▶ REQUIREMENT
Restate every line of the material below word for word, skipping the images.

▶ AVAILABLE DATA
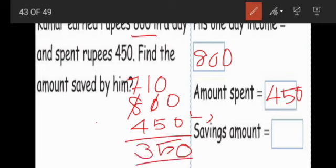This is the answer of this sum. Remaining — how much amount does he have? Saving amount: 350. We write the answer here: 350.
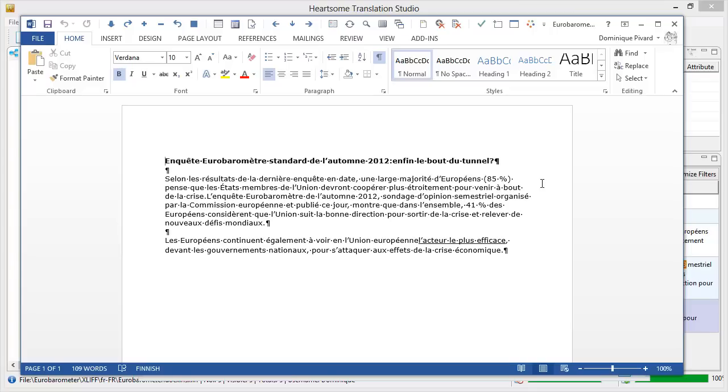So that was how to translate a simple Word document using Hardsome Translation Studio version 8. Thank you for watching. Do subscribe to my channel. And see you in the next video.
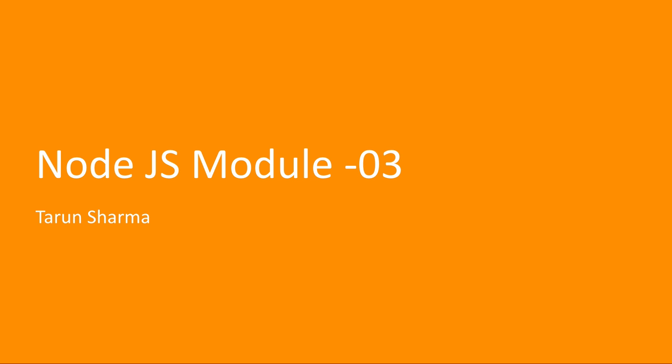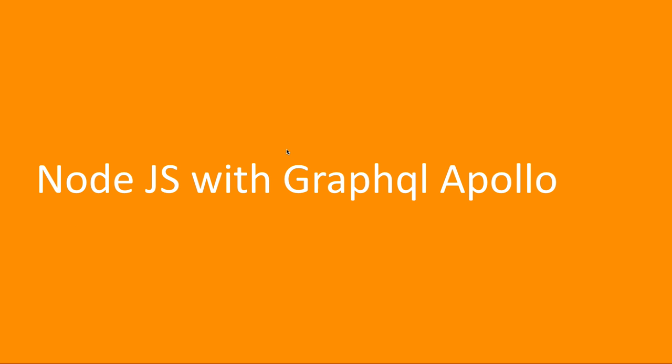Hi everyone, and welcome back. Welcome to the third module of the Node.js master course. In this module, we are going to cover Node.js with GraphQL.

▶ RESULT
This is the answer of this sum. Remaining — how much amount does he have? Saving amount: 350. We write the answer here: 350.
So that was how to translate a simple Word document using Hardsome Translation Studio version 8. Thank you for watching. Do subscribe to my channel. And see you in the next video.
Hi everyone, and welcome back. Welcome to the third module of the Node.js master course. In this module, we are going to cover Node.js with GraphQL.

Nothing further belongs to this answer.